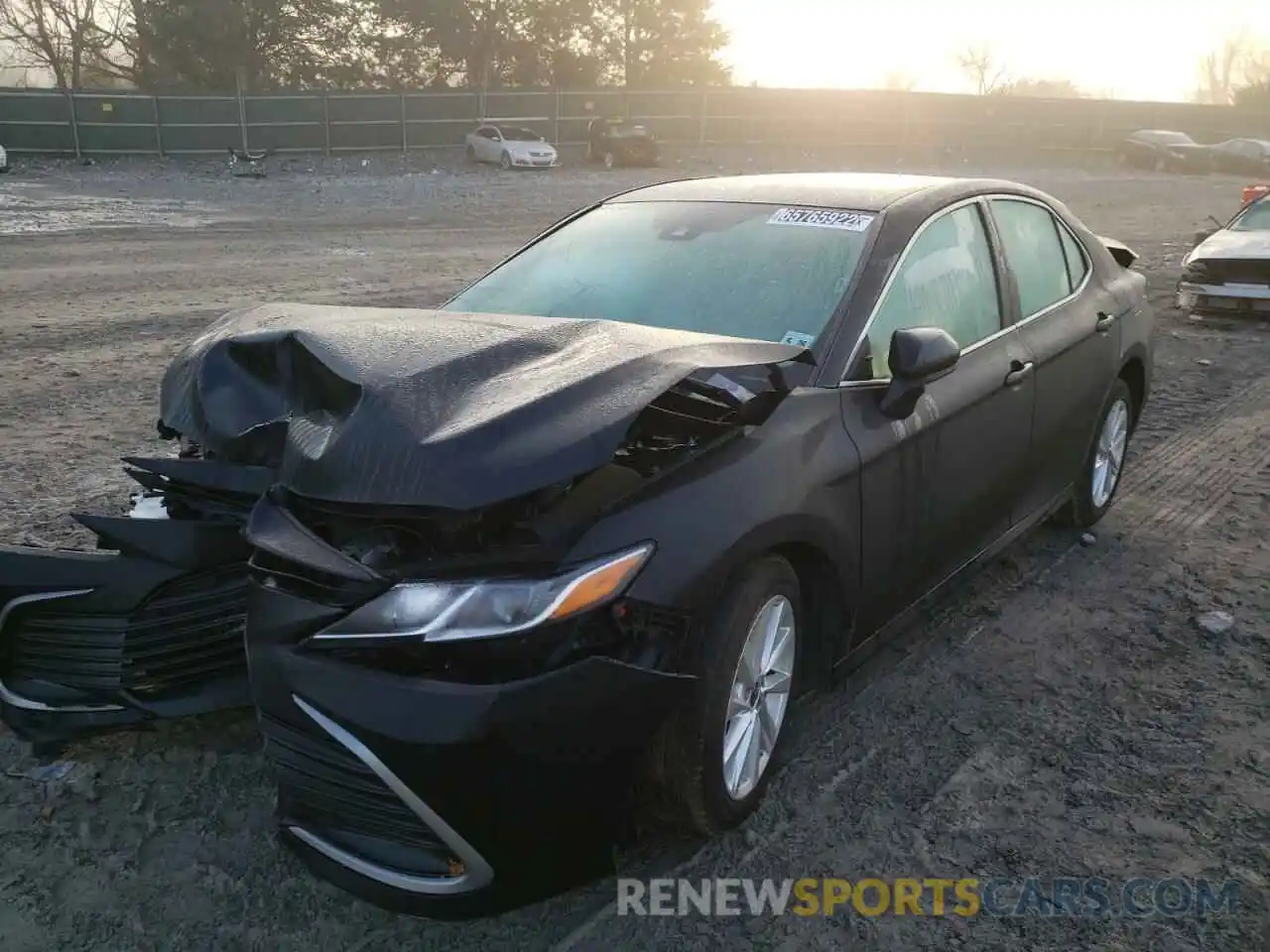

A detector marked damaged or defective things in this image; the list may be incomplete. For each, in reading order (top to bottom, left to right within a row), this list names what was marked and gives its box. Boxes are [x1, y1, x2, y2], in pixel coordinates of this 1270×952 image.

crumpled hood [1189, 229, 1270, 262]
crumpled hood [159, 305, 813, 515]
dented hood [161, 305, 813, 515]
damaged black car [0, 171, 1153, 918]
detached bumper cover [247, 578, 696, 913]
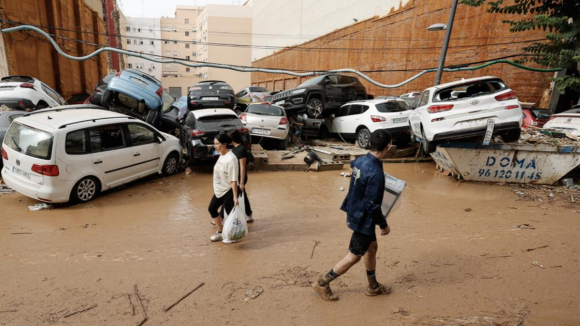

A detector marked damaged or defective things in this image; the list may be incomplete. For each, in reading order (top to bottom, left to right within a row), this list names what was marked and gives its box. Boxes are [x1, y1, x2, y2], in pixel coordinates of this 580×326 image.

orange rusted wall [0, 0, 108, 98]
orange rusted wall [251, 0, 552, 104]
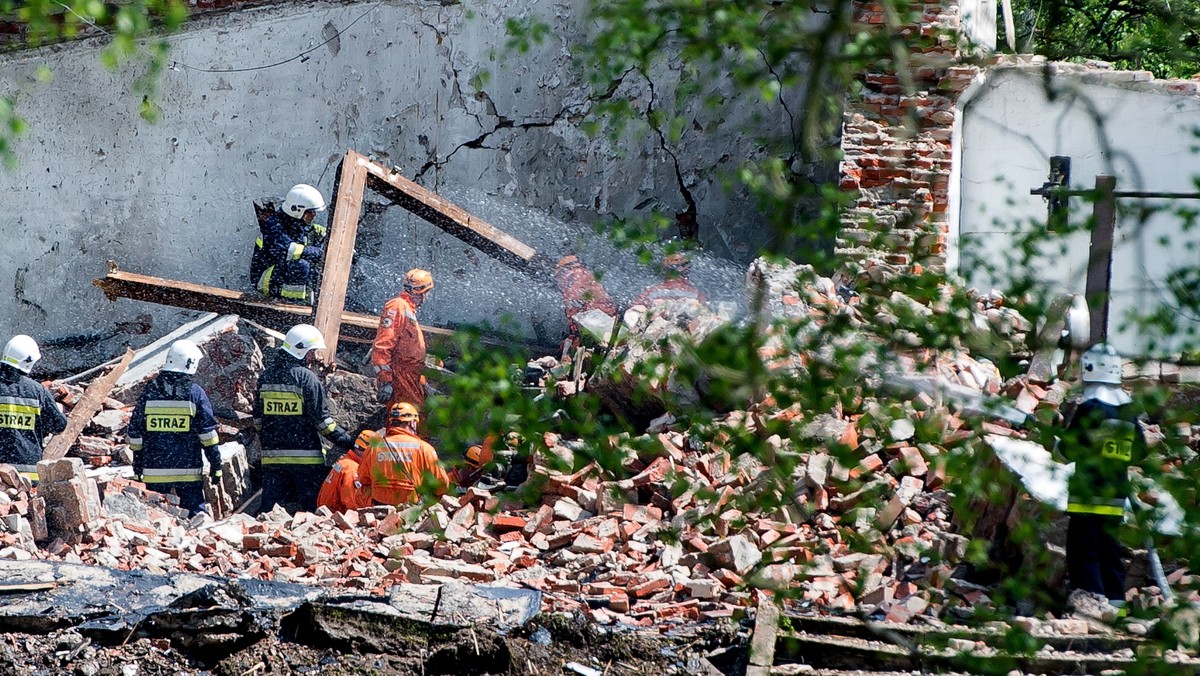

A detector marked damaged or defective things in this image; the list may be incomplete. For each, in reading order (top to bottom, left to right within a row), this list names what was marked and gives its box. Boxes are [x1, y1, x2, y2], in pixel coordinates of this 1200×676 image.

THE PROBLEM = Without carrying over any picture, write out the entries above once more, exactly.

TASK OUTPUT =
A detector marked damaged or defective things in this image; the list may be incomplete. For each, in reading order (top to bottom, left to right within a row), this list names what was marked and gives its box. Boxes are [x1, y1, x2, y2], in pixel coordinates of this 1270×952 image.

crumpled hood [1189, 229, 1270, 262]
crumpled hood [159, 305, 813, 515]
dented hood [161, 305, 813, 515]
damaged black car [0, 171, 1153, 918]
detached bumper cover [247, 578, 696, 913]

A detector marked damaged or defective things in this image; the list may be incomplete. For each, in reading order (top to bottom, left to right within a row), this list names what was marked and gives its box. Boxes are [x1, y1, x2, y2], in pixel coordinates of this 580×326 image.

orange rusted wall [0, 0, 108, 98]
orange rusted wall [251, 0, 552, 104]

A detector marked damaged or defective things in this image; the list may be incomplete. For each, in reading order (top to bottom, left to right within a row), this list names what was marked and gives its box. Boxes are [x1, y1, x2, y2], in pixel coordinates of this 1200×676 image.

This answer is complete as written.